You can use the perfect order KPI to track OTC performance, by breaking it into its components and applying the metrics as relevant to the different functions in your supply chain. The breakdown should look something like this:

  • Sales function: Percentage of orders captured accurately (reliant on customer feedback)
  • Warehouse function: Percentage of orders picked in full
  • Transport function: Percentage of orders delivered in full; Percentage of on-time deliveries
  • Finance function: Percentage of orders billed correctly
  • All functions: Percentage of orders with correct and accurate documentation

The functional KPIs mentioned above are the highest level of metrics that you will use. They will likely need breaking down further to maximize the identification of performance issues and aid in solution planning—always remembering to keep things simple by only holding people responsible for the KPIs they can directly affect.

For instance, in the warehouse, the percentage of orders picked in full might be broken down into…

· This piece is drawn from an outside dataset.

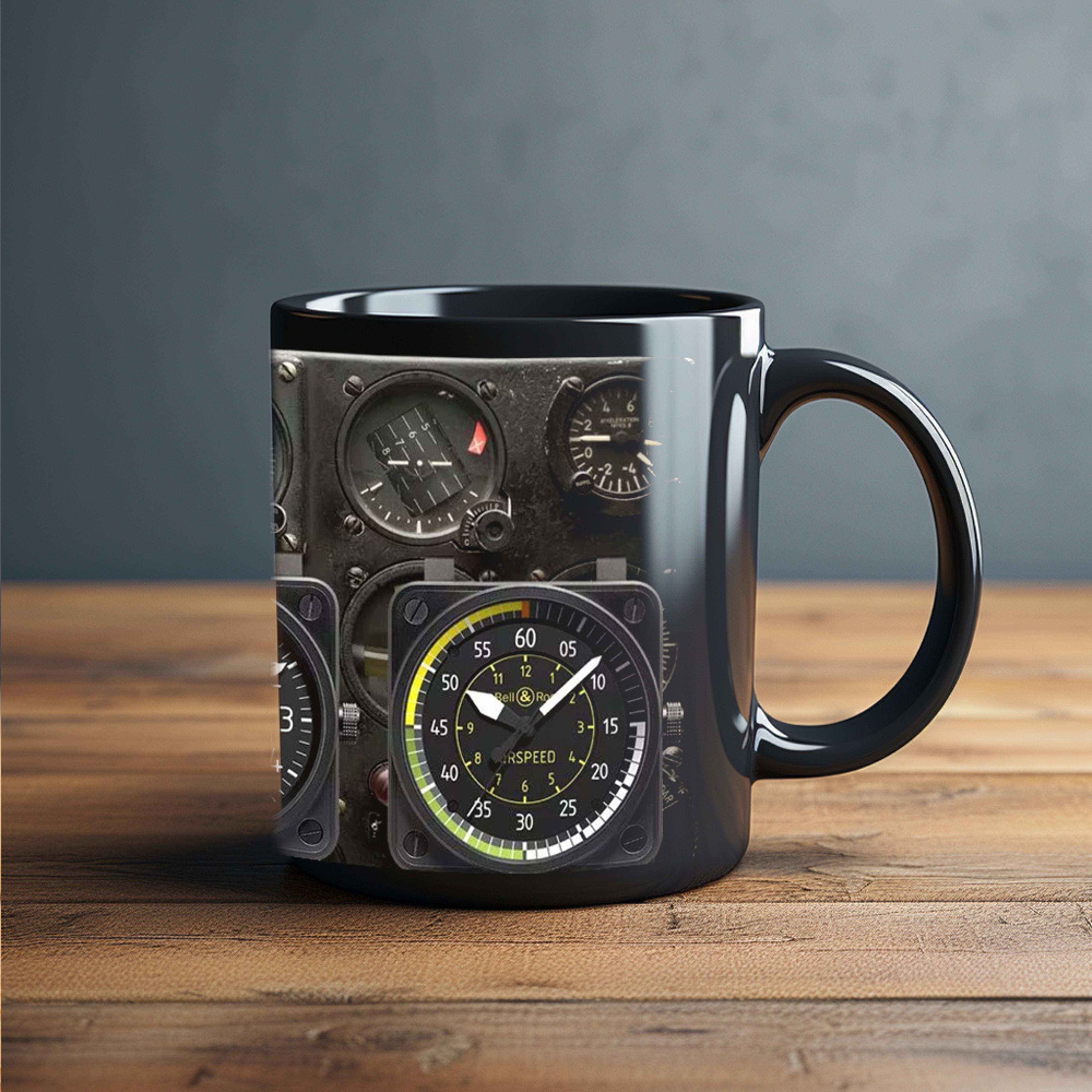 aircraft instrument panel mug black ceramic aviation coffee cup pilot gift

  • Percentage of orders picked with errors – incorrect quantity
  • Percentage of orders picked with errors – incorrect product
  • Percentage of order lines picked with errors – incorrect quantity
  • Percentage of order lines picked with errors – incorrect product

At this level of granularity, the picking-performance measurement will allow you to see trends and patterns in picking accuracy. You might notice for example, that a significant number of orders are picked with minor errors, or that a small number of orders contain many errors.

Furthermore, by applying codes to highlight the exact nature of each error, you will gain an even higher level of visibility. You might notice, for instance, that a particular product is affected more than others by picking errors, and then determine if the problem lies with that product’s markings, labels, storage location, or proximity to a similar product in the slotting plan.